Bisnis.com, JAKARTA- Pemerintah akan terus mendorong industri untuk terus meningkatkan penyerapan garam rakyat. Namun, pelaku usaha di hulu diminta meningkatkan kualitas dan proses produksinya.
Kementerian Koordinator Bidang Perekonomian mencatat total serapan garam rakyat oleh industri pengolahan hingga 31 Desember 2018 telah mencapai 796.536 ton dari targret sebesar 1,128 juta ton hingga Juli 2019.

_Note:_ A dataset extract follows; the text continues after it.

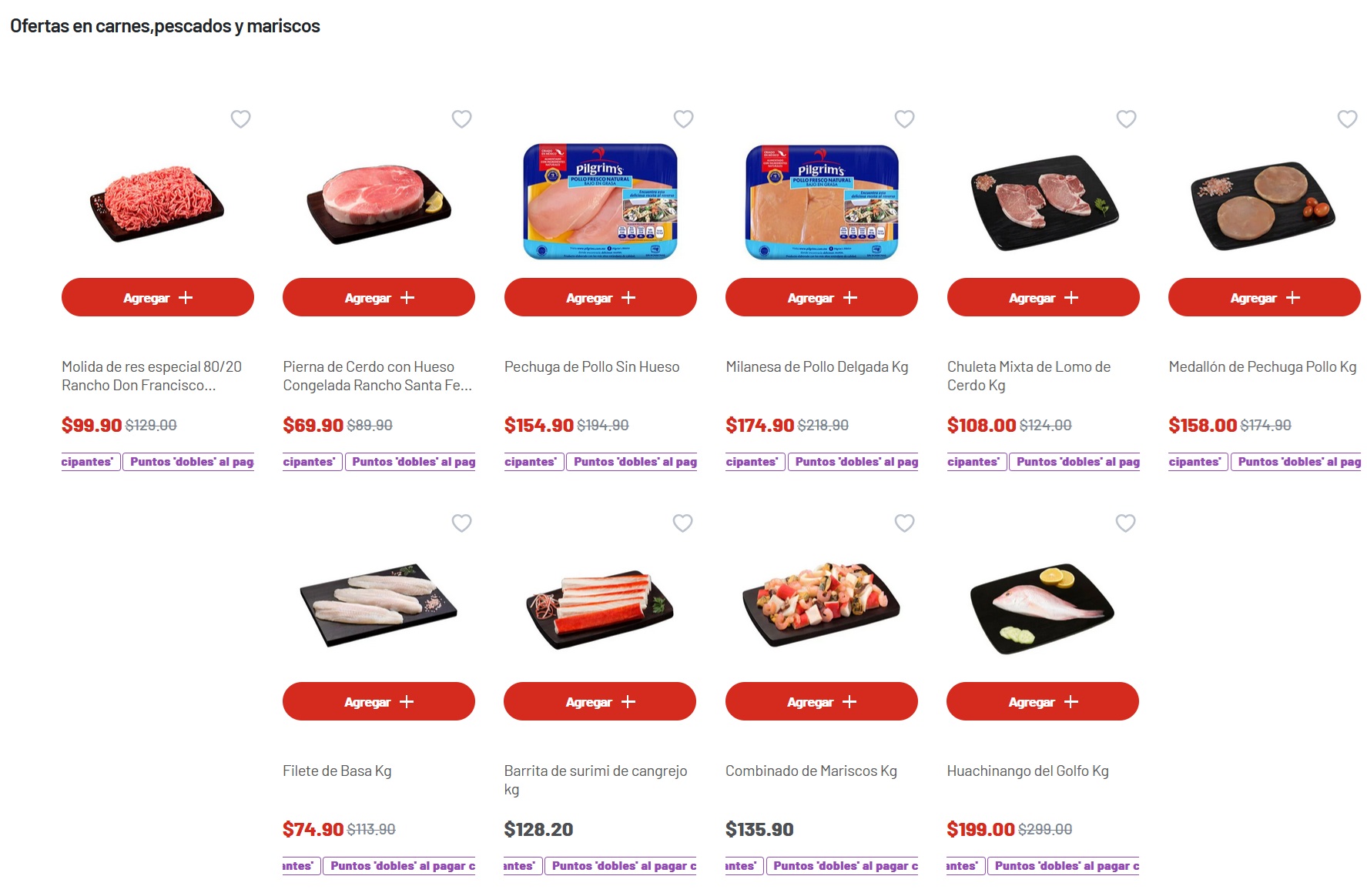 Ofertas de Soriana en carnes y pescados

Asisten Deputi Bidang Peternakan dan Perikanan Kementerian Koordinator Bidang Perekonomian Jafi Alzagladi menyebutkan masih kecilnya serapan garam rakyat untuk kebutuhan industri utamamya terjadi karena kualiatasnya yang masih jauh dari harapan. Dia menyebutkan, saat ini jumlah produksi garam rakyat yang telah memenuhi standar kualitas terbaik atau KW 1 masih kurang dari 60%.
Salah satu penyebabnya adalah masa panen yang terlalu cepat di mana proses panen garam yang ahrusnya dilakukan selama 14 hari tidak selalu tercukupi.
"Ada 5 hari -4 hari sudah panen, standar itu kan 14 hari. Kedua, sistem panen, di mana ketika panen dengan tanah di bawah pun dia habisin, masih kotor toh. Jadi, sebetulnya kalau kita bicara garam ini, perlu perbaikan di produksinya, di sisi huluya dulu," ujarnya.
Sebagai akibatnya garam yang dihasilkan pun gampang larut. Hal tersebut tidak sesuai dengan stadnar yang dibutuhkan sebagian industri. Belum lagi, tingkat penyusutannya cukup besar mencapai 30% dalam proses pengolahan.
Untuk itu, pemerintah melalui Kementerian kelautan dan Perikanan telah mengadakan program PUGAR untuk bisa meningkatkan kualitas garam rakyat. Namun, belum semua produsen garam rakyat berkeingian untuk menigkatkan kualitas garamnya.
“Memang kita belum bisa berharap banyak memproduksi garam industri yang sepanjang masyarakat belum mengikuti tekonologi anjuran yang dikelaurkan KKP,” ujarnya.
Sebelumnya, Ketua Himpunan Masyarakat Petani Garam (HMPG) Edi Ruswandi meminta pemerintah untuk turun tangan terkait penerapann teknologi terbaru di industri pengolahan garam dalam negeri demi meningkatkan serapan garam petani.
Dia menyebutkan selama ini industri tidak melakukan perubahan dan mengikuti perkembangan teknologi sehingga kemampuannya untuk mengubah garam rakyat menjadi garam layak pakai bagi industri masih terbatas.
“Harusnya dari industri pengolah mengikuti mereformasi industrinya jadi industri yang bisa mengolah dari garam konsumsi ke garam industri. Jangan industri dipisahkan. Kalau industri harus impor, jangan dong itu harus menggunakan yang namanya kearifan lokal. Di undang-undang jelas sekali,” ujarnya ketika dihubungi Bisnis baru-baru ini.